Image-text web data
----------

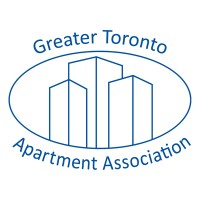 Greater Toronto Apartment Association logo - Similar company to Ecolux Developments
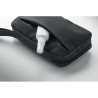 Beauty case 600D RPET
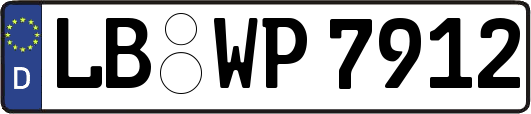 LB-WP7912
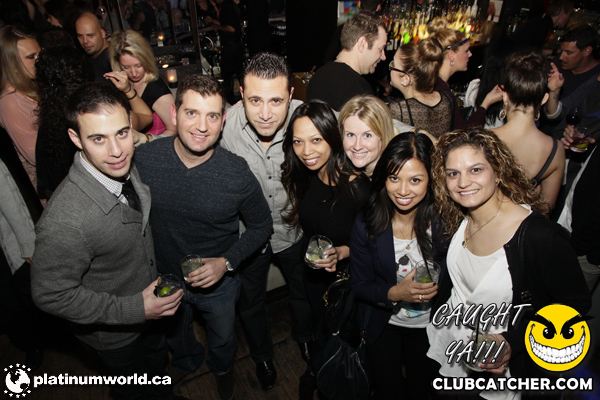 Brassaii lounge photo 22 - February 17th, 2013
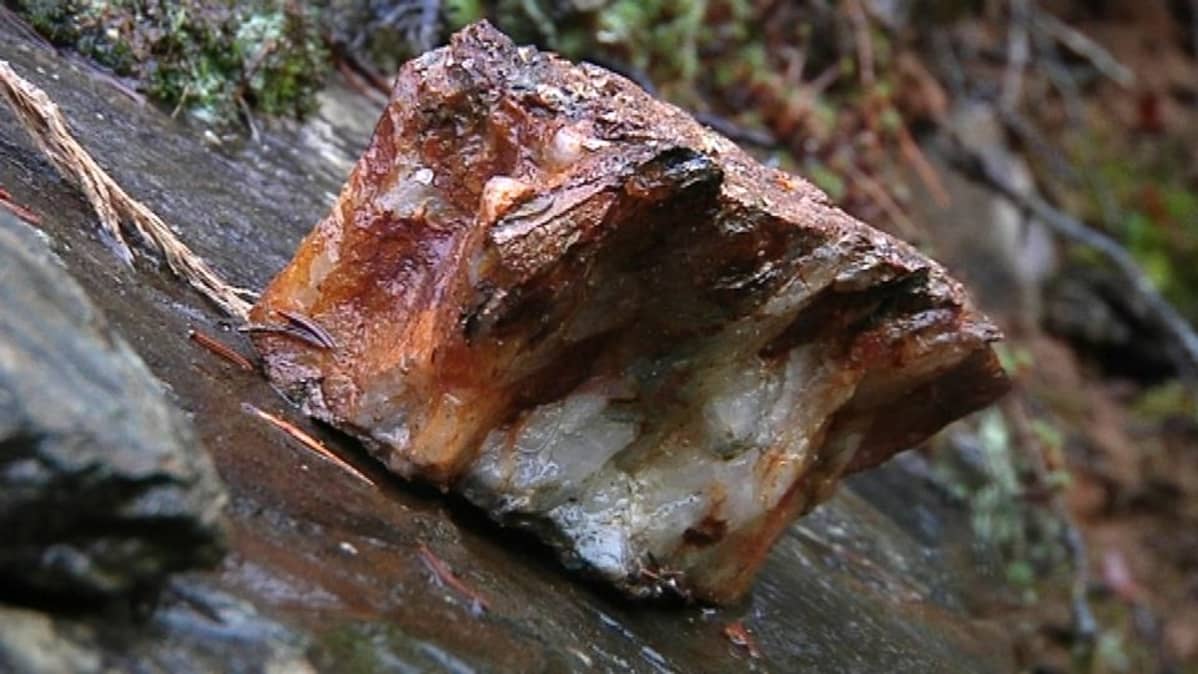 Kivenlohkare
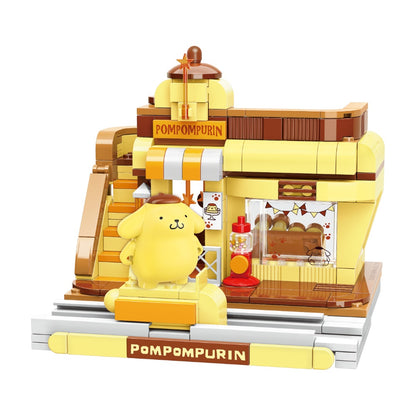 Keepley Shinning Pudding Shop - foto 5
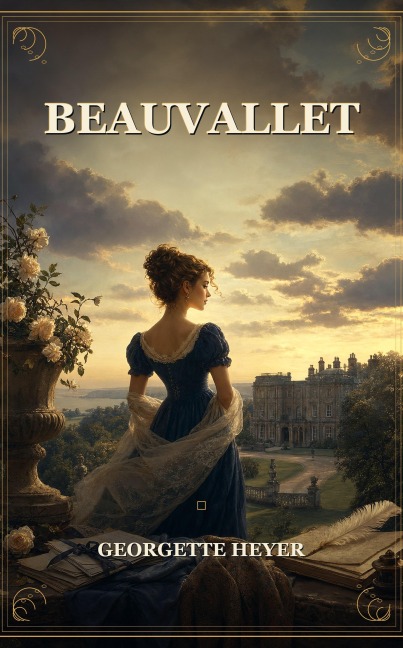 Beauvallet - Georgette Heyer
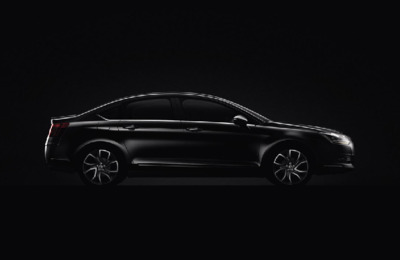 Couverture Brochure Citroën C5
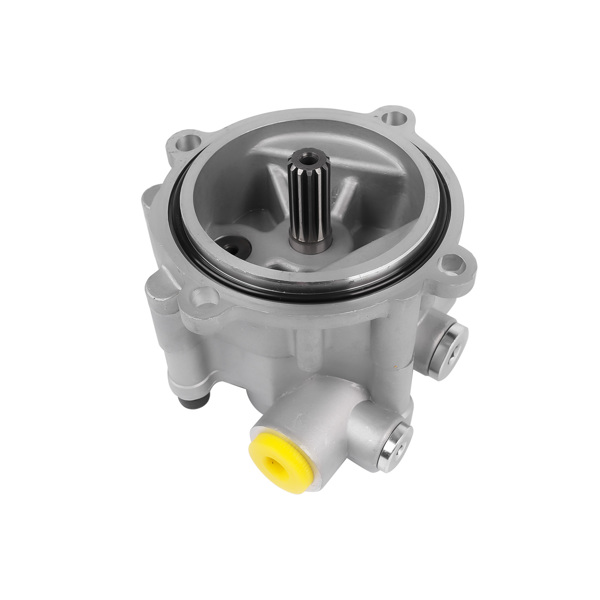 齿轮泵 Gear Pump Replacement for Kobelco SK330-6E K5V140DTP SK200-6 SK200-6E SK330-6 YN10V00014F2-3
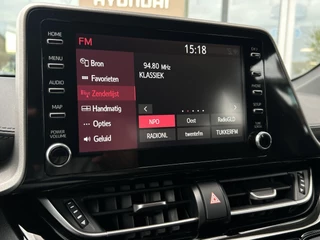 Toyota C-HR - afbeelding nr 27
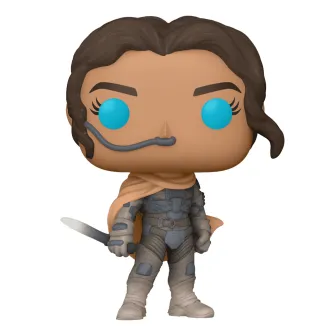 Funko POP! Figure - Funko POP! Movies: Dune - Chani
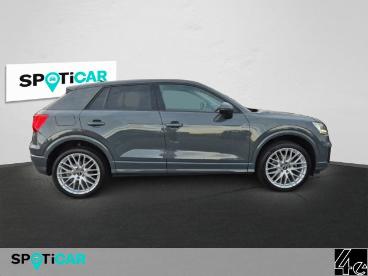 SPOTICAR Audi Q2 35 Tfsi Sport Gebraucht - Suv Benzin  - Georgsmarienhütte - 1201211173_4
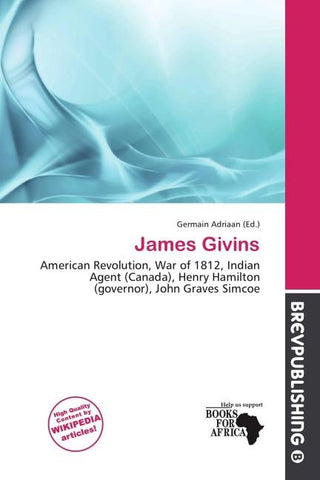 James Givins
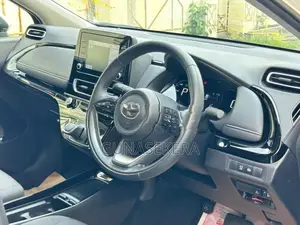 Toyota Aqua G Limited 2023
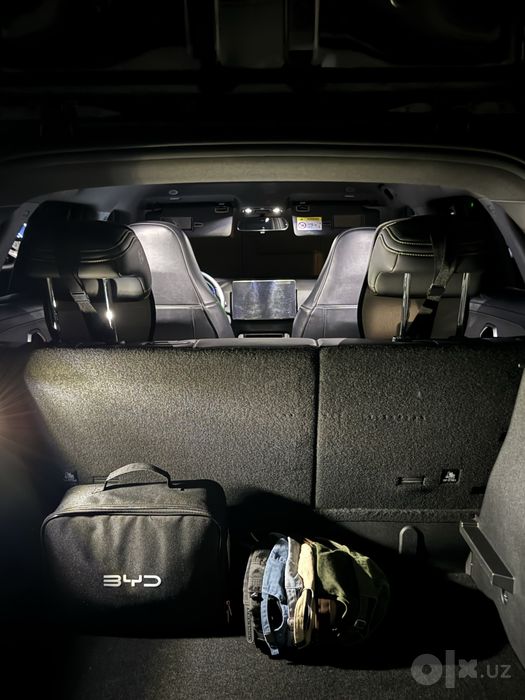Byd Yuan up 401km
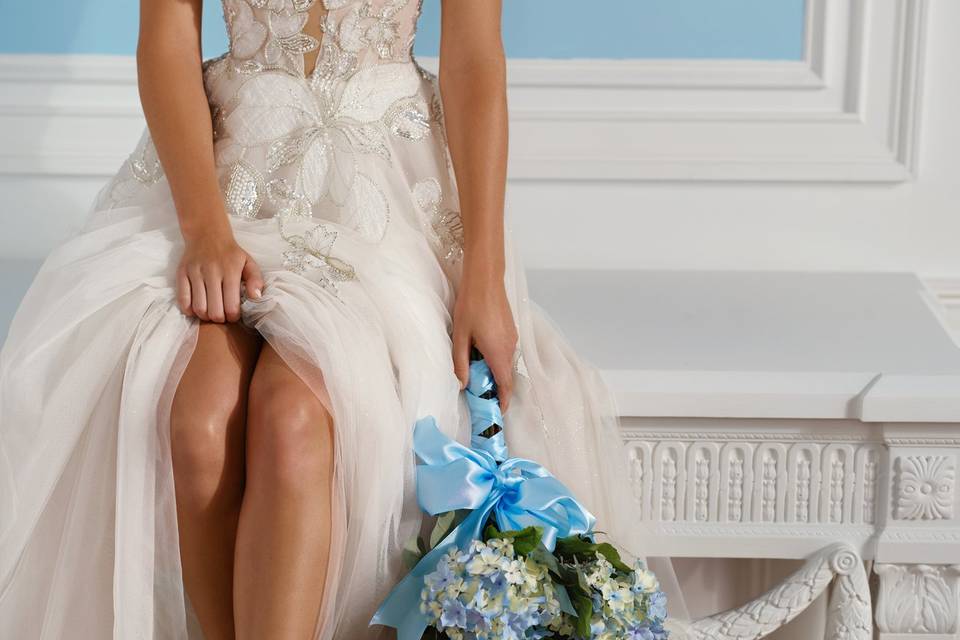 Love the details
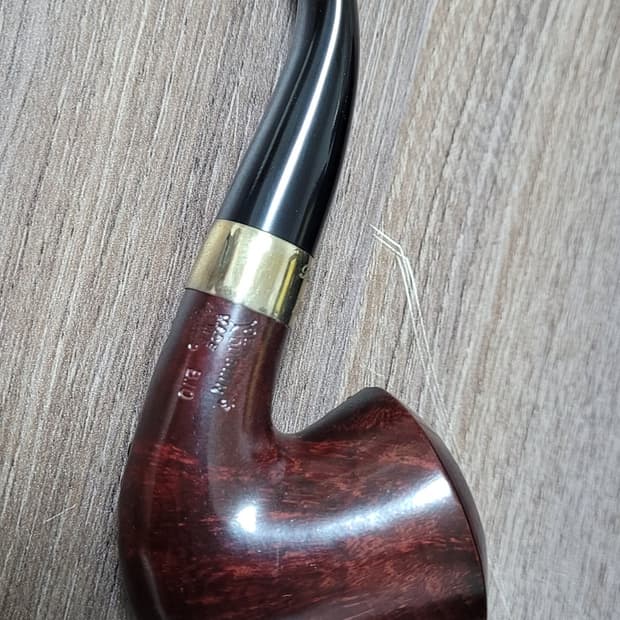 Peterson Jekyll & Hyde 파이프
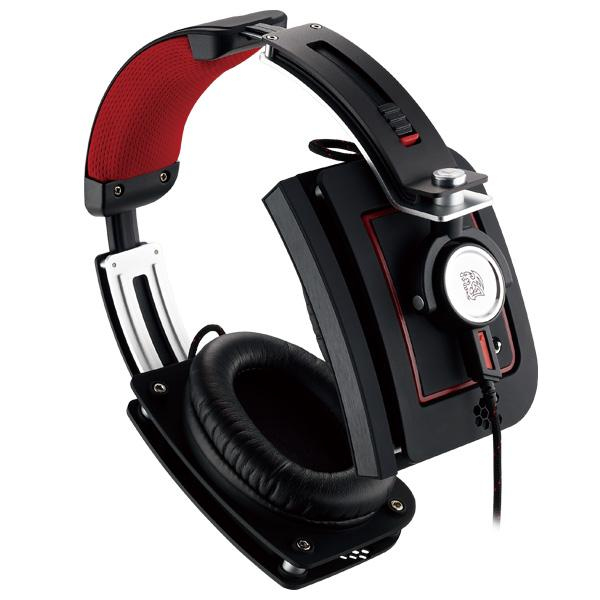 Thermaltake eSPORTS level 10 M - spelhörlurar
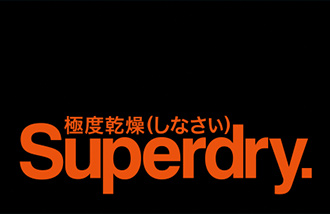 Superdry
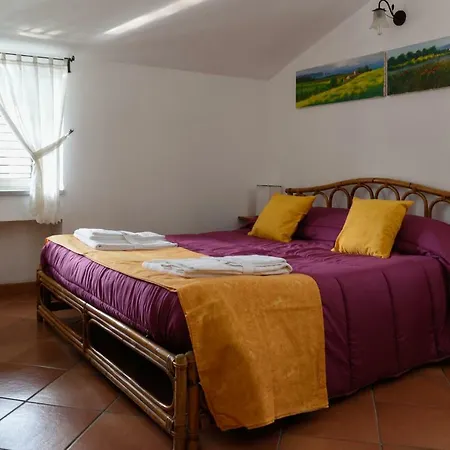 Sul Golfo Bed & Breakfast Formia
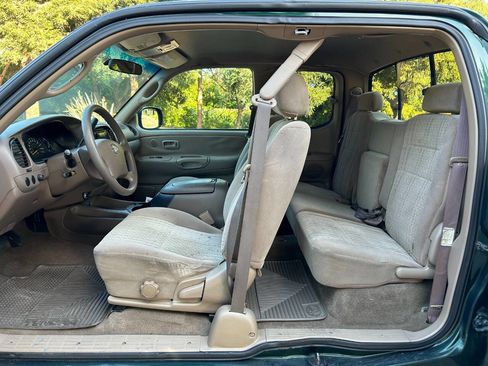 Used 2003 Toyota Tundra SR5 RWD image 25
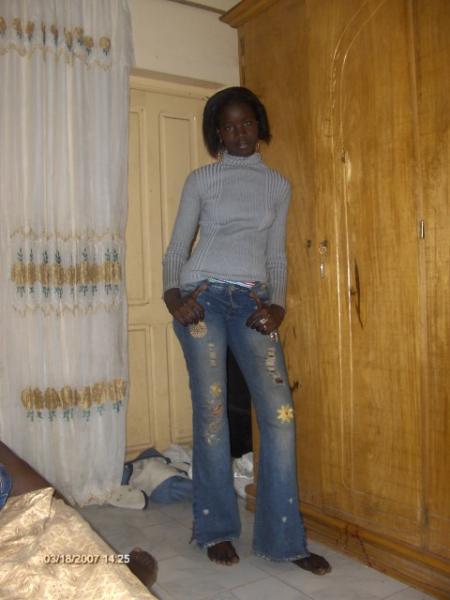 ma soeur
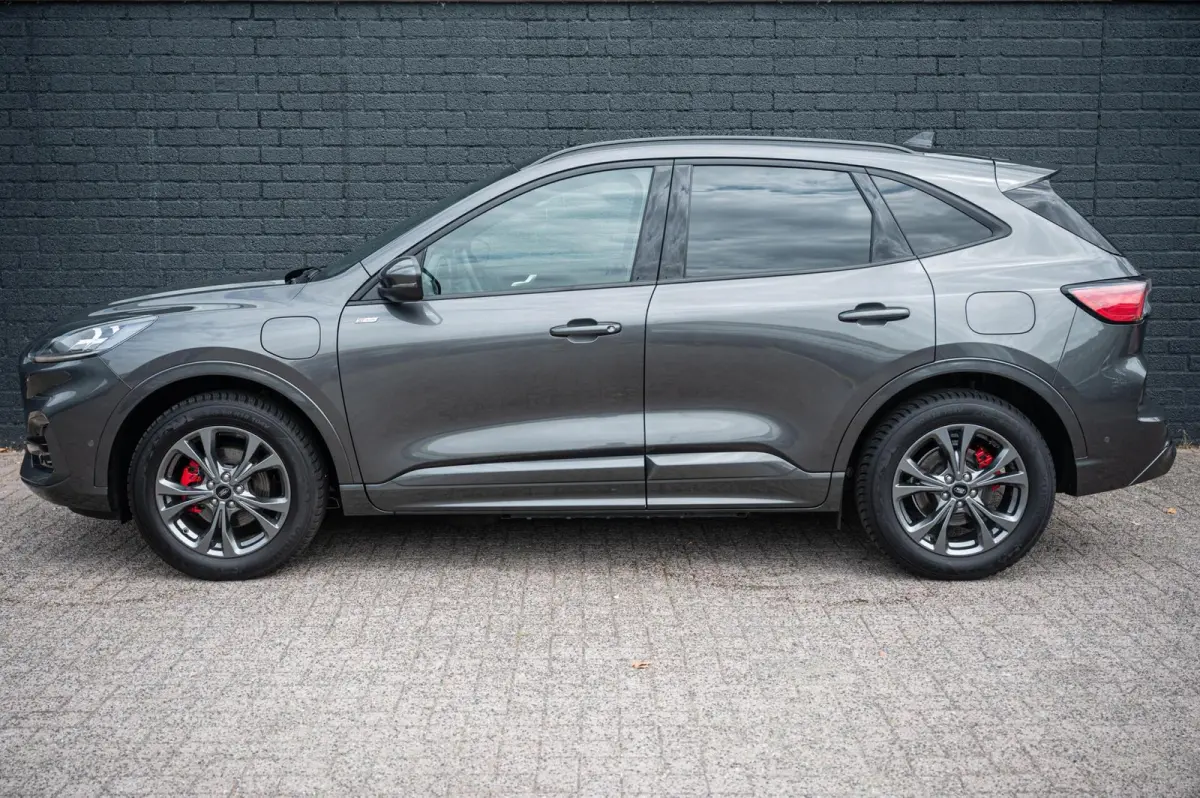 2.5 PHEV ST-Line X PANO TREKHAAK ADAPTIVE CRUISE CAMERA STUURVERWARMING B&O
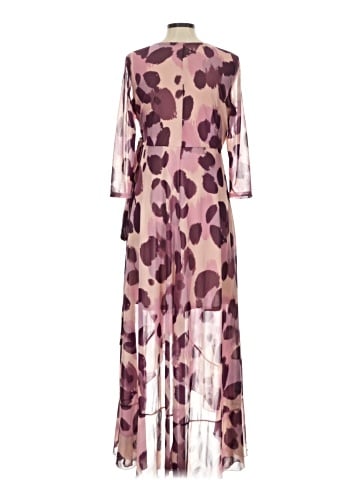 G by Giuliana Rancic Cocktail Dress (view 2)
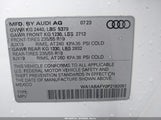 Audi Q5 Premium 40 Tfsi Quattro S Tronic WA1ABAFY0P2182051 fotografie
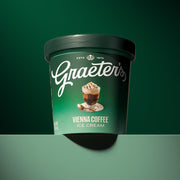 Vienna Coffee - Our homage to Vienna Coffee, a traditional espresso and whipped cream pairing, is brewed with a s...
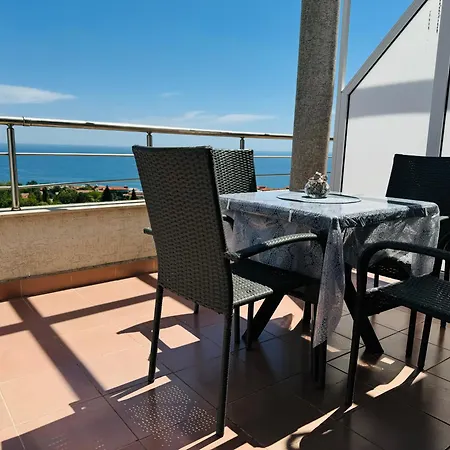 Apartment на морето ,,sun Gate” град *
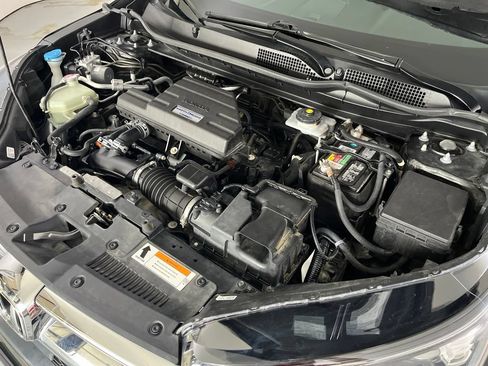 Used 2018 Honda CR-V EX image 12
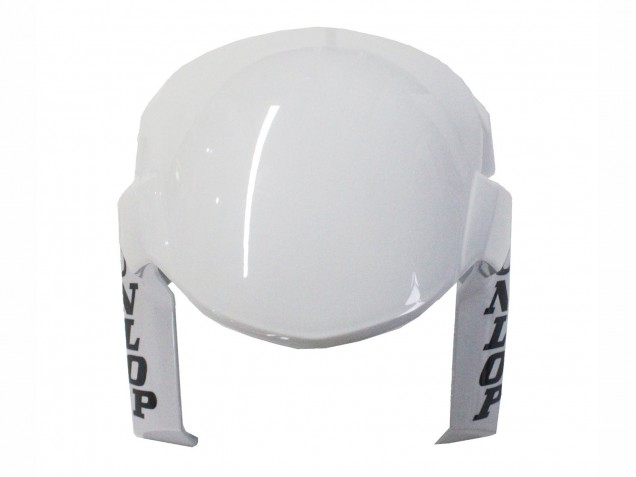 2015-2022 White Silver Green Kawasaki Ninja H2 Motorcycle Fairings Canada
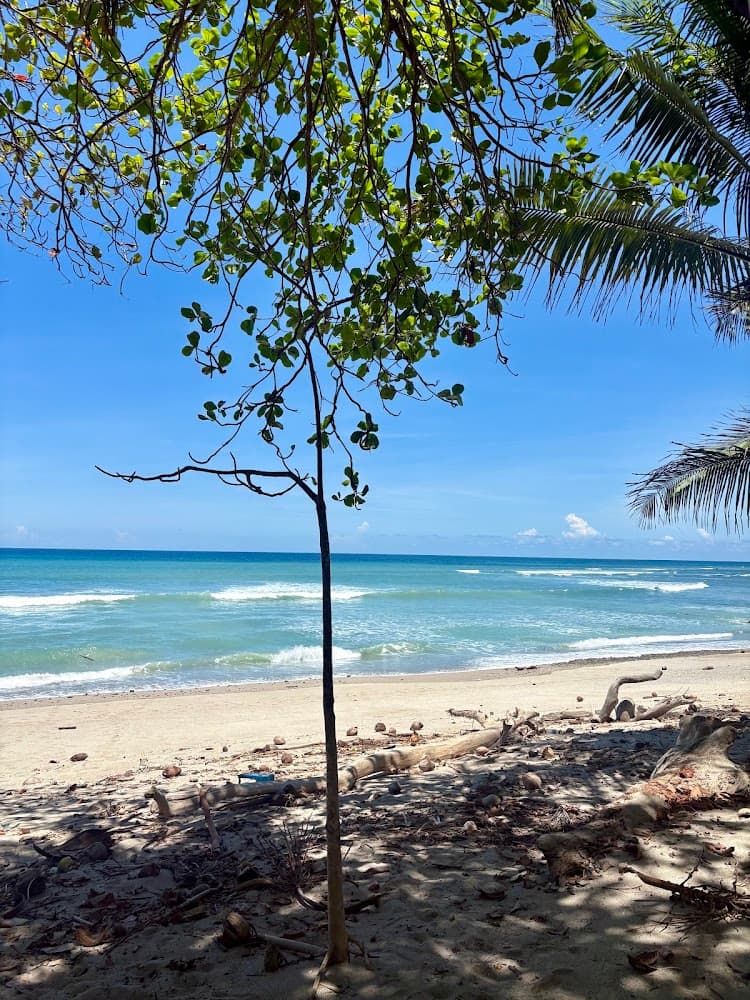 Playa Cabuya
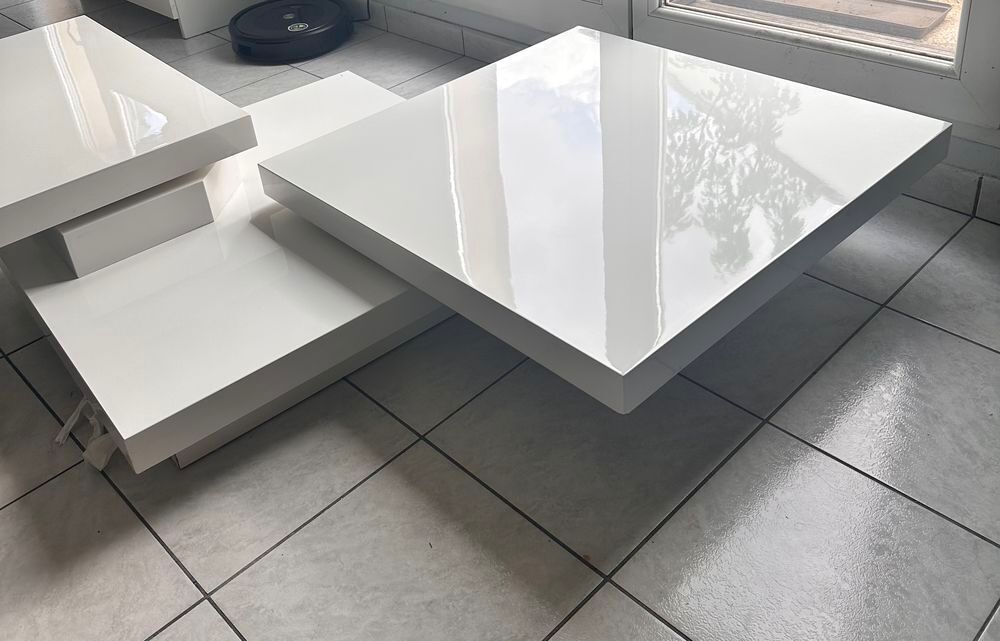 Table basse design Meubles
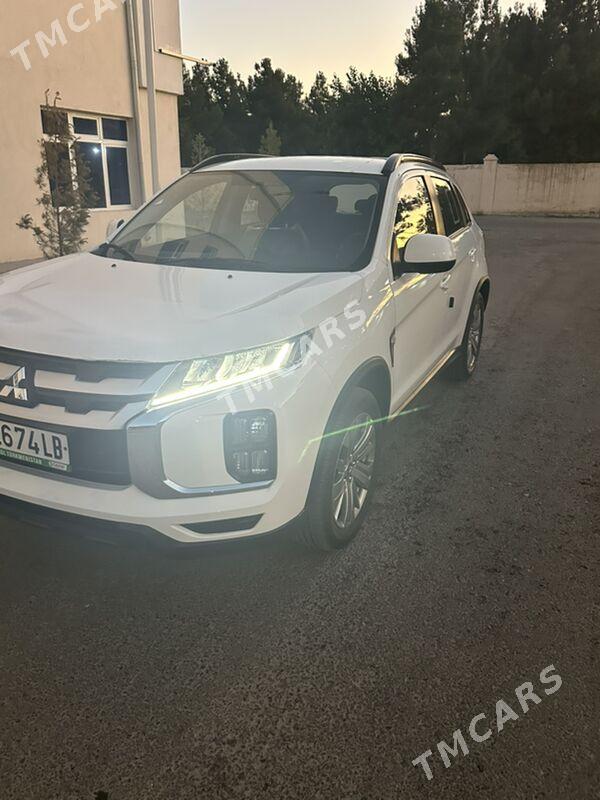 Mitsubishi ASX 2025 - 340 000 TMT - Туркменабат - img 2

----------

> [Exercise]:
What is needed is an exact reproduction of the data, pictures excluded.

> [Problem solution]:
 Greater Toronto Apartment Association logo - Similar company to Ecolux Developments
 Beauty case 600D RPET
 LB-WP7912
 Brassaii lounge photo 22 - February 17th, 2013
 Kivenlohkare
 Keepley Shinning Pudding Shop - foto 5
 Beauvallet - Georgette Heyer
 Couverture Brochure Citroën C5
 齿轮泵 Gear Pump Replacement for Kobelco SK330-6E K5V140DTP SK200-6 SK200-6E SK330-6 YN10V00014F2-3
 Toyota C-HR - afbeelding nr 27
 Funko POP! Figure - Funko POP! Movies: Dune - Chani
 SPOTICAR Audi Q2 35 Tfsi Sport Gebraucht - Suv Benzin  - Georgsmarienhütte - 1201211173_4
 James Givins
 Toyota Aqua G Limited 2023
Byd Yuan up 401km
 Love the details
 Peterson Jekyll & Hyde 파이프
 Thermaltake eSPORTS level 10 M - spelhörlurar
 Superdry
 Sul Golfo Bed & Breakfast Formia
 Used 2003 Toyota Tundra SR5 RWD image 25
 ma soeur
 2.5 PHEV ST-Line X PANO TREKHAAK ADAPTIVE CRUISE CAMERA STUURVERWARMING B&O
 G by Giuliana Rancic Cocktail Dress (view 2)
 Audi Q5 Premium 40 Tfsi Quattro S Tronic WA1ABAFY0P2182051 fotografie
 Vienna Coffee - Our homage to Vienna Coffee, a traditional espresso and whipped cream pairing, is brewed with a s...
 Apartment на морето ,,sun Gate” град *
 Used 2018 Honda CR-V EX image 12
 2015-2022 White Silver Green Kawasaki Ninja H2 Motorcycle Fairings Canada
 Playa Cabuya
 Table basse design Meubles
 Mitsubishi ASX 2025 - 340 000 TMT - Туркменабат - img 2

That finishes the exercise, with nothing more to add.